Not very smart at all.
She comes up with a plan,
> totally on the fly, to get Harry out of Umbridge's
clutches,<snipped> Her treatment of Umbridge was coldly ruthless -
but efficiency and
> ruthlessness often go hand in hand (at least in the books I read
> *eg*), and Hermione was working under a pretty intense time crunch.
A sign that she can lie with a straight face quickly. A good skill
to have, but very different from strategy. Actually this is one of
her worst plans. The only reason she and Harry survive it is because
of Grawp, an X-factor she could not possibly have planned for or
counted on. furthurmore, when I read the scene it seemed to me that
she was absolutely shocked when the Centaurs (a violent race of
human haters) wanted to actually *hurt* Umbridge. She didn't read
as ruthless to me at all.
A good strategist doesn't plan a situation that they can only escape
through dumb luck and without some understanding of how the others
in the situation are going to react. Hermione did neither of those
two things. she didn't understand centaurs, and used them anyway,
and was caught totally off guard when they took offense.
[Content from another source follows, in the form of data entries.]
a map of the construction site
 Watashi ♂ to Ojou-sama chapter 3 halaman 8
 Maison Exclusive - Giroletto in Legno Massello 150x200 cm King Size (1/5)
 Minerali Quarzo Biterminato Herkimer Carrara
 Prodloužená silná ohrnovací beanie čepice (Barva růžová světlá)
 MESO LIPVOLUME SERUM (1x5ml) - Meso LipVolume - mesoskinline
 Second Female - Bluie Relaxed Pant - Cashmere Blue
> Even more impressively, Hermione recognizes the signs of
Voldemort's
> plan. I think, because she's got a similar strategic way of
thinking
> she can tell that something's not quite right about Harry's
dream.
> She knows what *she'd* do if she was Voldemort, and so she gets
> suspicious.
This shows that Hermione is smart, and she was able to put together
what the scar connection meant. Thats not strategy, its at best pre-
strategy. A real strategy would have been figuring out how to use
the connection for their own ends.
> What Hermione is *not* very good at is getting people to listen to
> her.
It's not a matter of her not getting people to listen to her, its a
matter of understanding people. And she doesn't. That is why she
won't ever be a great strategist. She has all of the elements a good
one needs, but she lacks the key ingredient--the human factor. She
doesn't really understand motivations. She doesn't get that people
aren't going to always do the logical thing, that in fact people
almost never do the logical thing. She can't read people or
anticipate what they would do because she doesn't understand
anything on more than a dry, academic level so thats what she bases
all her plans around. Her talk with Harry about Cho is a good
example of this. when she was talking, it felt like she was reciting
a psychological text on grief and what cho was feeling. It so
happens that she was right in her case, but she doesn't really
understand what cho was going through on an emotional level, she
understands it on an academic, stages of grief, level. That explains
why, for all her empathy, she never gets along with Luna. She
doesn't fit any sort of lable or convention, and thats the only way
Hermione knows how to relate to people.
> SPEW is another perfect example. Hermione's plan is a good one.
Actually her plan is a terrible one. She doesn't even have an
overall plan. she has a goal, which is something very different.
what plans she has involving SPEW are at best, haphazard.
Hermione is a decent strategist when it comes to short plans like
the polyjuice potion or 'the get sirius plan' becuse they are
relatively uncomplictated and not cluttered by messy human
components. It becomes a problem solving process and shes smart so
shes good at those. To use a chess analogy, she can see three moves
ahead, which is good for a short term goal, but if you want to win
you have to see fifteen or twenty moves head. That goes beyond three
step planning and enters the realm of contingencies and psychology.
To use someone you brought up yesterday, Ender Wiggins is an example
of a great strategist. He beat his enemies because he understood
them. He knew what they would sacrifice and how they would react to
attacks. He knew what they would defend and how long they would do
it for. and he knew what they would attack and what they would see
as a threat. He knew the same things about his own people. He won
his battles because he knew how to balance the conventional and the
unconventional to keep his enemies off balance.
Hermione doesn't even know how to begin doing that.